This builds on the behavior that made MongoDB so phenomenally popular, as the article points out. Data management is pervasive in modern applications and anything that makes it easier for devs to implement is goodness.
I know posts with ThOuGhT LeaDeRshIp titles like this are usually annoying, but I thought it would be interesting to write down some of the lessons I've been gathering as I've spent more time covering and using specific databases. My background is in data science / analytics with a couple of years of more traditional full stack here and there.
Broadly we've seen this pattern with infrastructure in general – it's a lot easier to set up a server than it used to be, all things considered. Now obviously if you're a tiny startup, you're more comfortable outsourcing everything to Heroku, and if you're a hyperscale enterprise, you probably want more control on exactly what your database is doing.
The thesis here is that on the tail end (hyper scale), things are getting more under control and predictable, and developers there want the same "nice things" you get with platforms like Heroku. Elsewhere in the ecosystem, more and more parts of the stack are getting turned into "simple APIs" (Stripe for payments, Twilio for comms, etc.). And perhaps most interestingly, as serverless for compute seems kind of stuck (maybe?), it may be the case that serverless for databases – whatever that ends up meaning – is actually an easier paradigm for application developers to work with.
It's absolutely true that a low friction developer experience is necessary for a database product to be successful. But this in no way implies that database internals are being commoditized or relegated to minor importance.
Snowflake is a particularly bad example as taking a clean sheet and novel approach to internals is the very fulcrum that creates the easy developer experience.
Admittedly it's been a while since I looked at vitess, but my recollection is that it's cross shard functionality is so limited as to make claiming internals no longer matter a bit dubious.
The reason there's only a handful of spanner style systems is exactly because the internals both matter and are quite daunting to get right.
Partitioning: 1) DynamoDb: Partitioning is explicit and one of the most important parts of schema design 2) Spanner, Cockroach: Database automatically partitions the key ranges. 3) Postgres: You will probably never reach the scale where you need to partition your dataset!

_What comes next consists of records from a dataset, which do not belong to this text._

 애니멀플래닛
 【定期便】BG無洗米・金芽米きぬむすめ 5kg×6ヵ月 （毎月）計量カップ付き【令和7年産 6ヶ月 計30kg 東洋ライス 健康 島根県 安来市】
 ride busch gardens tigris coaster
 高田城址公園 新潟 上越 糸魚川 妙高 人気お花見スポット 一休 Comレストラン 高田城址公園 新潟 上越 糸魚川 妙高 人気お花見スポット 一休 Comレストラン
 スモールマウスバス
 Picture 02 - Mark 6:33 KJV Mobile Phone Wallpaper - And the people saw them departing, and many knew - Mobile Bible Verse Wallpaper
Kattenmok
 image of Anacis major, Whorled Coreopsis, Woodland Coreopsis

Transactions: 1) Spanner, firestore - no stored procedures, client-side transactions are important 2) Dynamodb: No stored procedures, no client-side transactions, only transactions where all items involved are known by primary key in advance. 3) Fauna, Supabase: Stored procedures are the way to go! You do not need application code, access your database from the client! 4) Postgres: We have everything, use what fits your particular use-case!

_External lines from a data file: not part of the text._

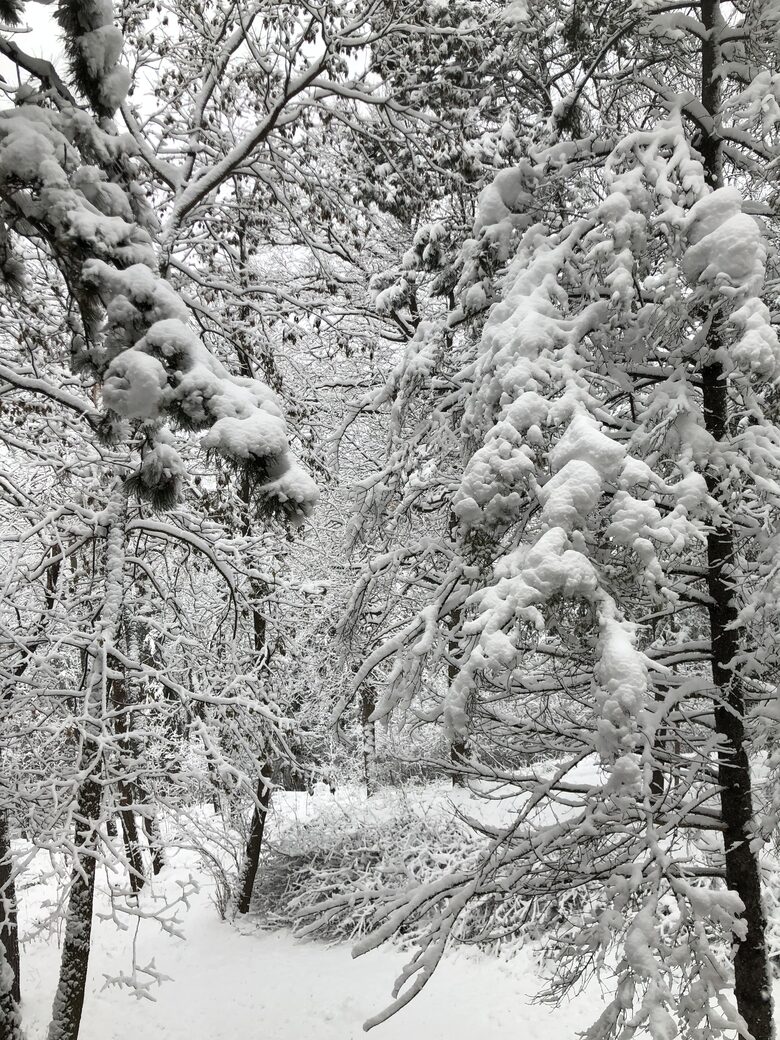 Secluded Forest Retreat Minutes From Minneapolis - Minnetonka, Minnesota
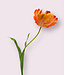 tulp | roze oranje | 62 centimeter | Per stuk te bestellen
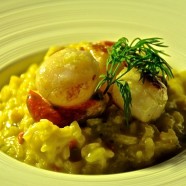Safran-Risotto mit Jakobsmuscheln – Teil 3 Neptuns Festtagsmenü
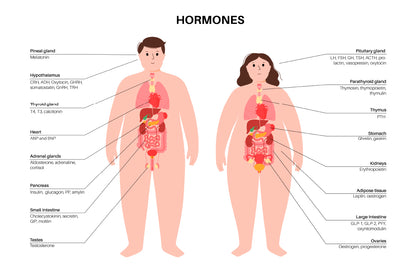 Hormones In Human Body Illustration Home Decor Premium Quality Poster Print Choose Your Sizes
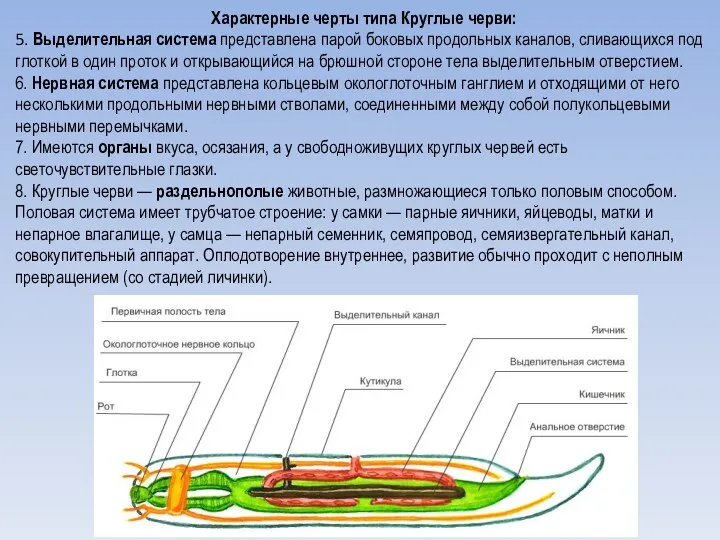 Характерные черты типа Круглые черви: 5. Выделительная система представлена парой боковых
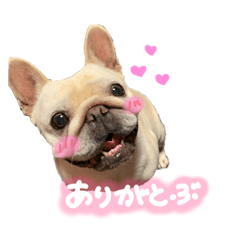 [LINEスタンプ] フレブルの大吉くん(パステルカラー)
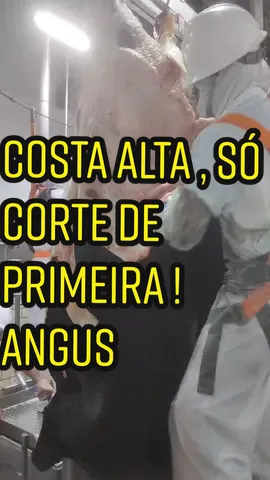 #frigorifico #qualidade #boi #rumo20kseguidores #segue #foryou #compartilha #TikTokFashion #profissinal 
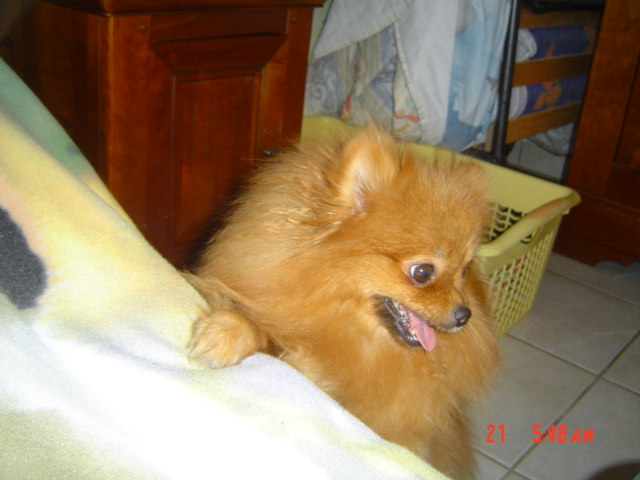 Publication : des Oursons de petit-palais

If database internals did not matter, why are they all doing something different and are sometimes quite opinionated about it?

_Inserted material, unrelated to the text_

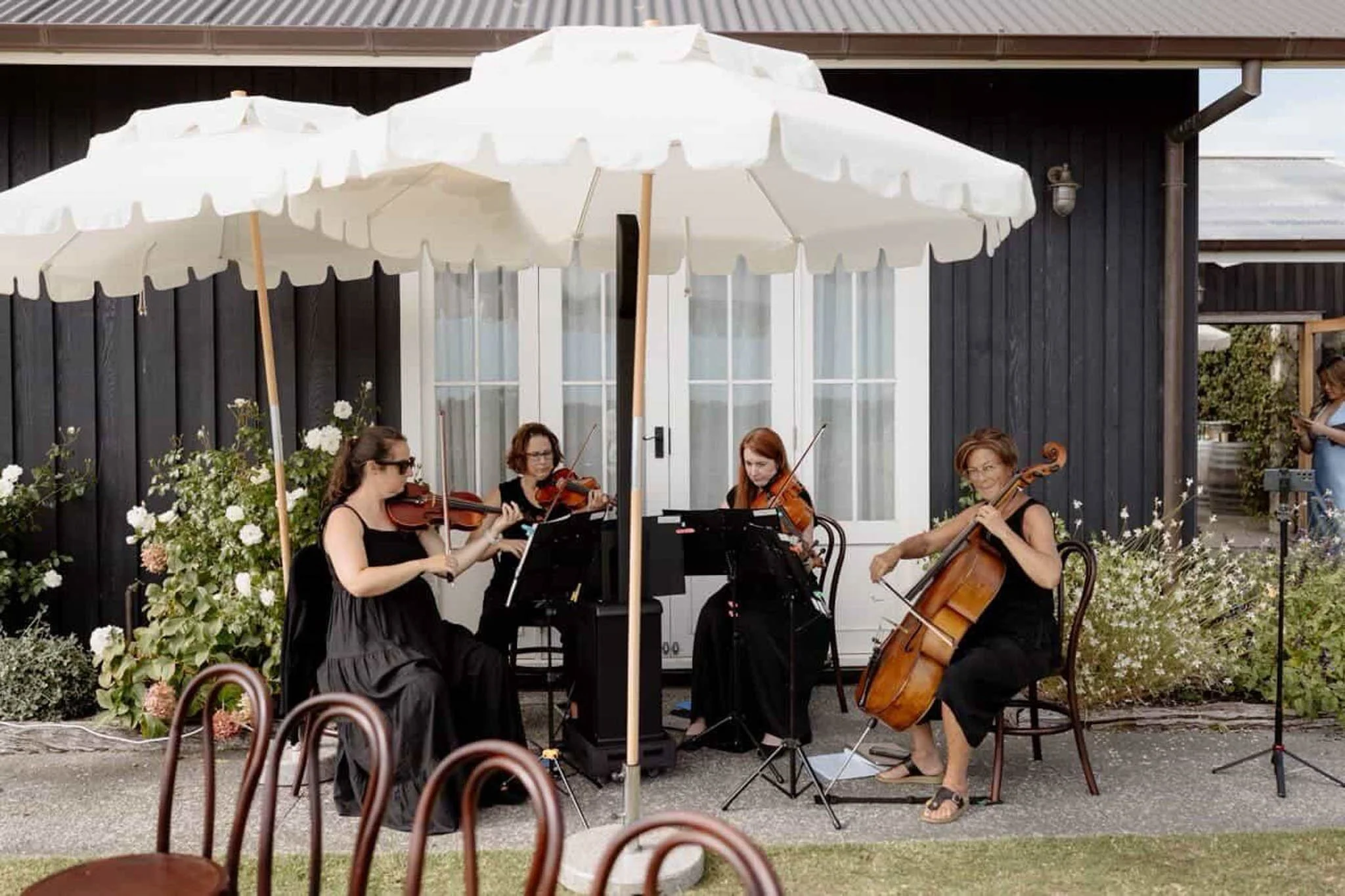 An outdoor musical performance with four women playing string instruments, including violins and a cello, under a large white patio umbrella, in front of a black building with white window frames, surrounded by flowers.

Everything else pales in comparison.
Create a database?
sqlite3 mydata.db
Where is the database? In the current directory
How is it structured on disk? It's a single file
How do I backup the DB? cp mydata.db /my/backups/mydata.db
Do I have to install a server? No
Do I have to configure anything? No
During setup and deployment I usually I dabble a while with the whole GRANT *.* ON localhost IDENTIFIED BY PASSWORD or something. How do I do that with sqlite? It just works
Do I have to close / protect any specific ports? No, it's just a file
Which field types should I use for ... ? None. It just works.You could be a single-node 4-core $5/month VPS instance and run into this issue. SQLite requires "exclusive" access to a table to handle writes (meaning when writing, no other thread can be reading the table). Especially if your transactions start to become complex.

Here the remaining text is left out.